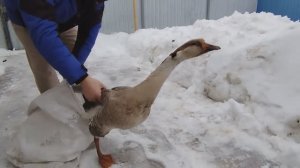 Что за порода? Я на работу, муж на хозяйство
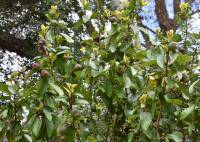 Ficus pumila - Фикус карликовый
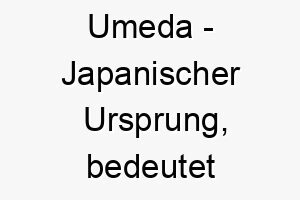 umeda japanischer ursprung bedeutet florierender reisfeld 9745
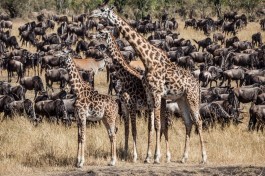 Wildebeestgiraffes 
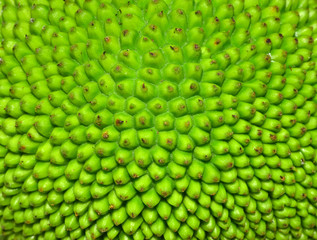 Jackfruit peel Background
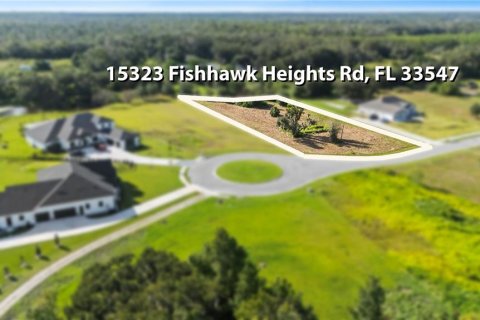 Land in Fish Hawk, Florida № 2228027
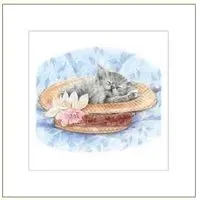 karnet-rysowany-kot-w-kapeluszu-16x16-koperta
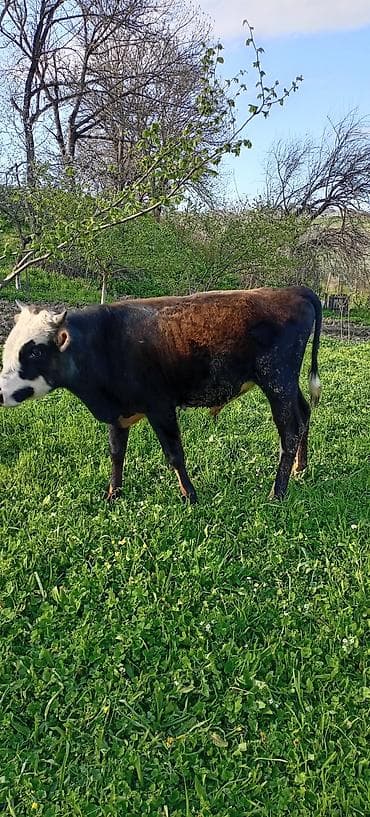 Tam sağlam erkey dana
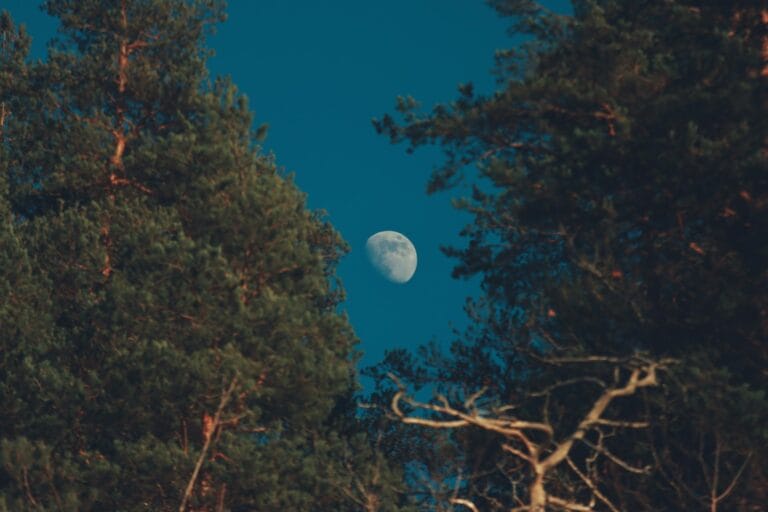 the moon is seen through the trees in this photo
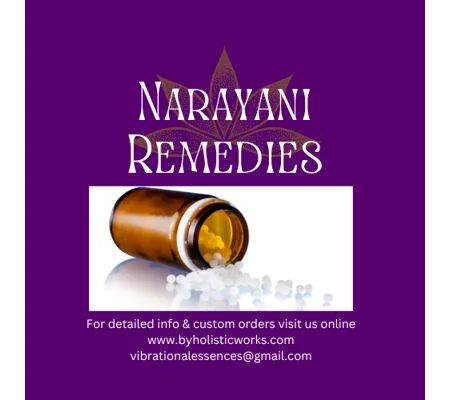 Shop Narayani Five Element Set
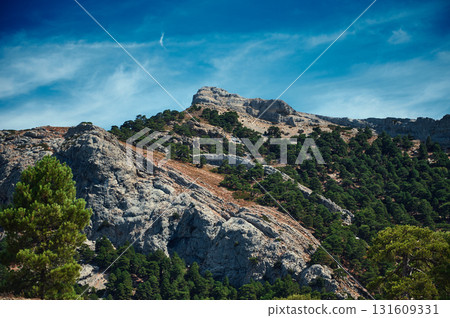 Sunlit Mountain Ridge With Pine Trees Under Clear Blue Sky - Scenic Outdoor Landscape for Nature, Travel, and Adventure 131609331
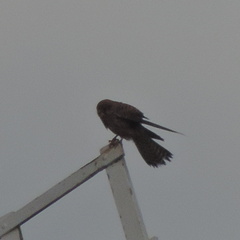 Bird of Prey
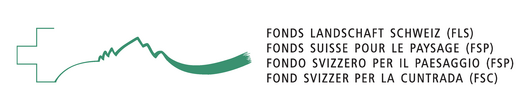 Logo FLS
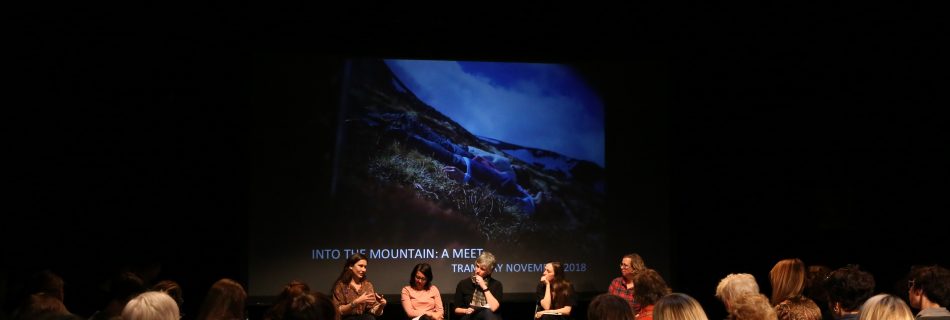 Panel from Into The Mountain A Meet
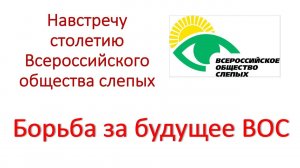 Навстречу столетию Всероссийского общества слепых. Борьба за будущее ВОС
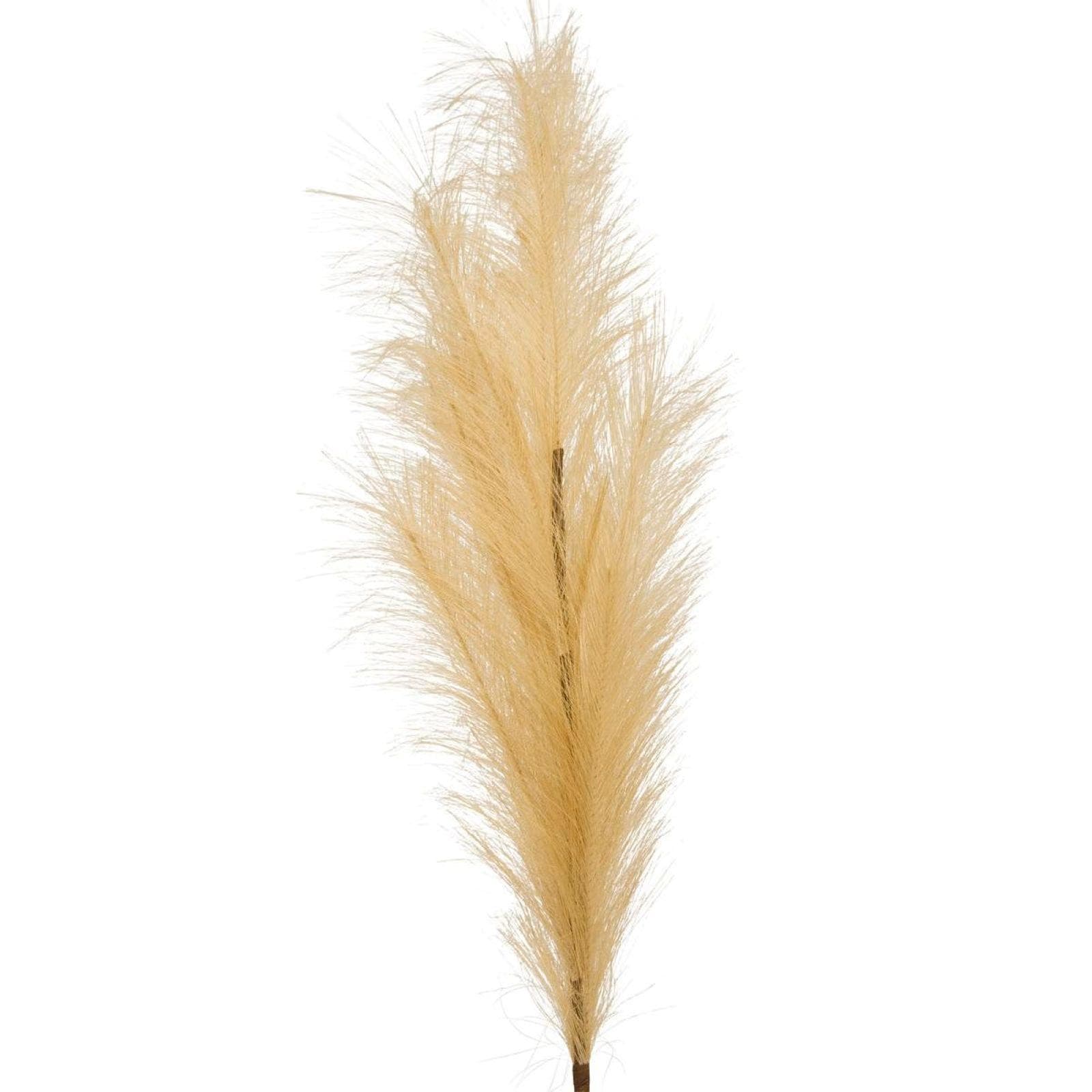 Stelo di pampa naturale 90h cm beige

* * *

Go to the line that contains "Panel from Into The Mountain A Meet" and copy it and every line after it through the end of the entries, exactly, without the pictures.

__Expected answer__:
 Panel from Into The Mountain A Meet
 Навстречу столетию Всероссийского общества слепых. Борьба за будущее ВОС
 Stelo di pampa naturale 90h cm beige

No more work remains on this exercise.